That was in sixth grade. Since then, Truschel, now a senior at Brentsville, has improved drastically and now understands the sport. And he’s one of the favorites to win a state title this weekend at the Group A state championships at the Salem Civic Center.

Back then, Truschel didn’t anticipate the success he’d have. Neither did his mother, apparently.

“She said, ‘I don’t think you need to go out for wrestling.’ It was too dangerous,” Truschel said. “But I convinced her.”

Even if it took a year, it was a good thing he did. After several years of that hard work, he won a Bull Run District and Region B title last season, and followed that up with district and regional titles this year too.

“He’s done everything,” said Brentsville coach Mark Smaltz, “except one thing.”

That one thing is win a state title.

In 2001, Truschel finished in sixth place after losing in the championship bracket to J.J. Kelly’s Steven Fryatt, who won the state title. Last season, he lost to eventual champion Michael Jordon of Northumberland in the championship semifinals and finished in third.

This weekend will be Truschel’s last chance at that elusive state championship. He’ll graduate this spring, and then he’s off to West Virginia University to pursue a degree in mechanical engineering.

He’s not sure if he’ll wrestle up there — the Mountaineers are currently ranked 11th in the country — and if he doesn’t, he’ll miss the sport.

“I know I’ll always miss it, and I’ll probably gravitate towards it wherever I go,” he said. “But it’ll definitely be hard to let it go.”

But that’s all in the future. In the present, there’s his third state tournament to attend to. That he’s made it three years in a row is a testament to his only knowledge of the sport when he first began.

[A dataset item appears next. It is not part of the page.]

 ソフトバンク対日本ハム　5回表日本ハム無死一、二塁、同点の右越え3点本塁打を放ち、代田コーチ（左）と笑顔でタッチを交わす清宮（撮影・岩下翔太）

“If I work hard, I figure that will take me wherever,” Truschel said.

That work ethic made an immediate impression on Smaltz from the beginning.

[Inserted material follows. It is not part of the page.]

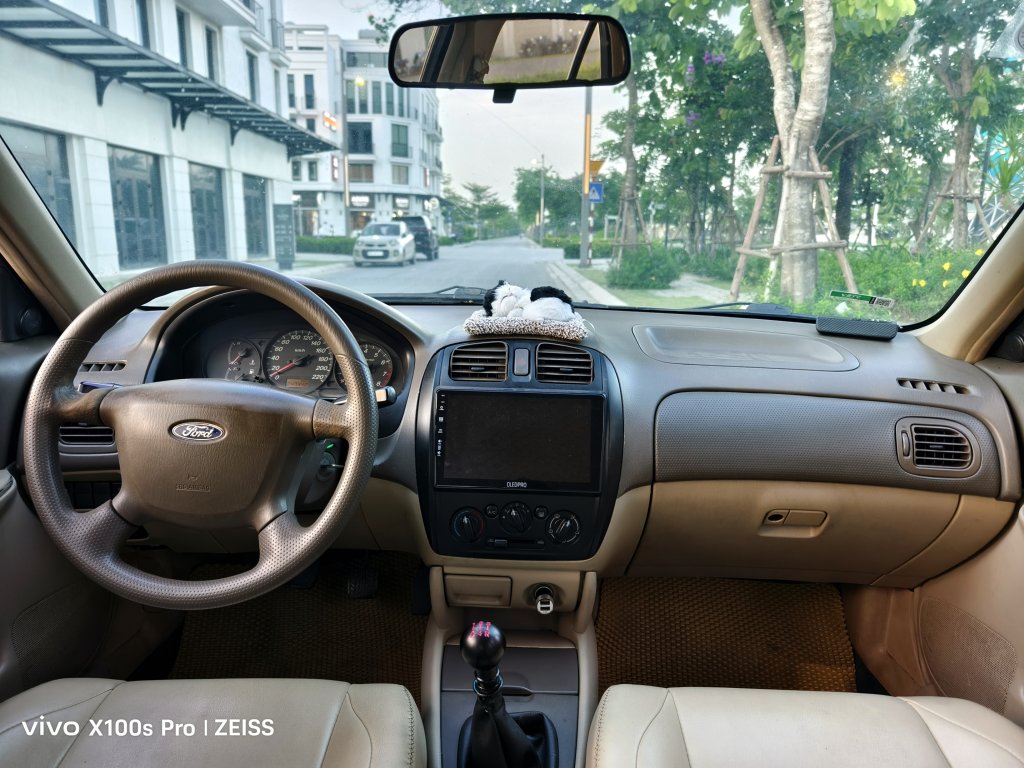 Ford Laser 2004 (8).jpg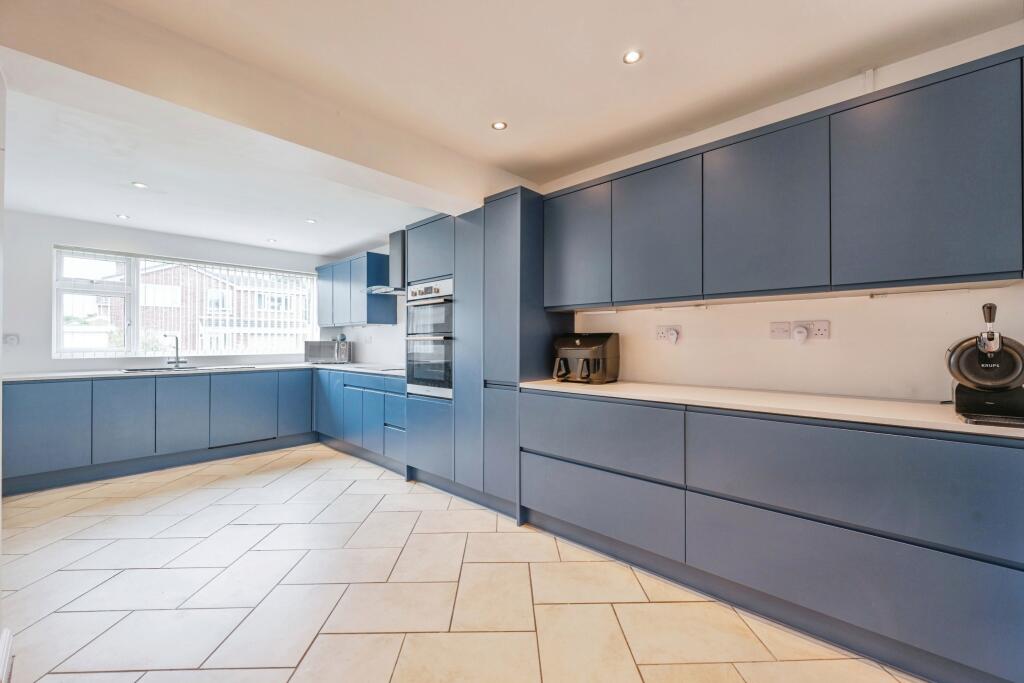 Additional image 5 of Cromwell Road, Tamworth, Staffordshire, B79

“He’s the hardest working athlete I’ve seen in 12 years, especially in the wrestling room. It’s unbelievable,” said Smaltz. “Even when he was 112 [pounds], he was the smallest in the room by far. But it was always work, work, work, work. Sometimes it was too much.”

All that hard work, for better or for worse, comes to a conclusion this weekend. While his previous experiences at the state tournament haven’t netted a gold medal, it has helped him deal with the tournament’s atmosphere.

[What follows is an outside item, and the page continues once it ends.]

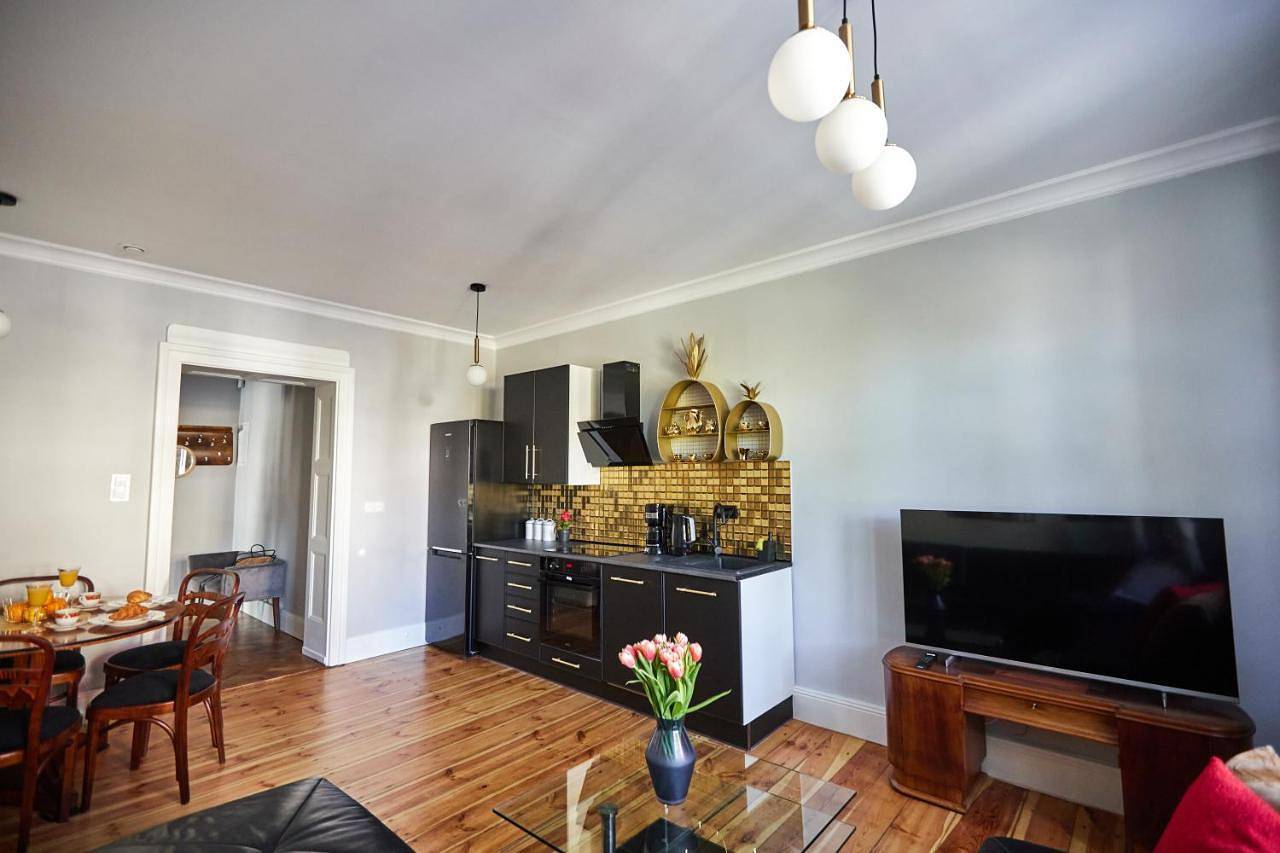 Cały apartament, Three-Bedroom Apartment in Chorzów, Śląsk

While he may want to enjoy the fleeting moments of his career, he said he’ll try not to get too caught up in all the emotional stuff.

“Every day this week, I’ve thought this is my last week wrestling, my last state tournament,” Truschel said. “If I focus on wrestling, I’ll know I’ll be fine.”

As the favorite, he’ll have to take care of the other wrestlers who’d rather make this weekend one that Truschel will want to forget.

“Everybody’s out gunning for you, and you see upsets year after year after year,” said Smaltz. “The No. 1 guy, the favorite, and especially the underdogs — the four or three seeds — anything can happen on any given day.”

Truschel is hoping that Saturday is his day. Fryatt and Jordon both beat him on the way to state titles, something Truschel would like to have too.

It’s not so different than the sweatshirts of seven years ago.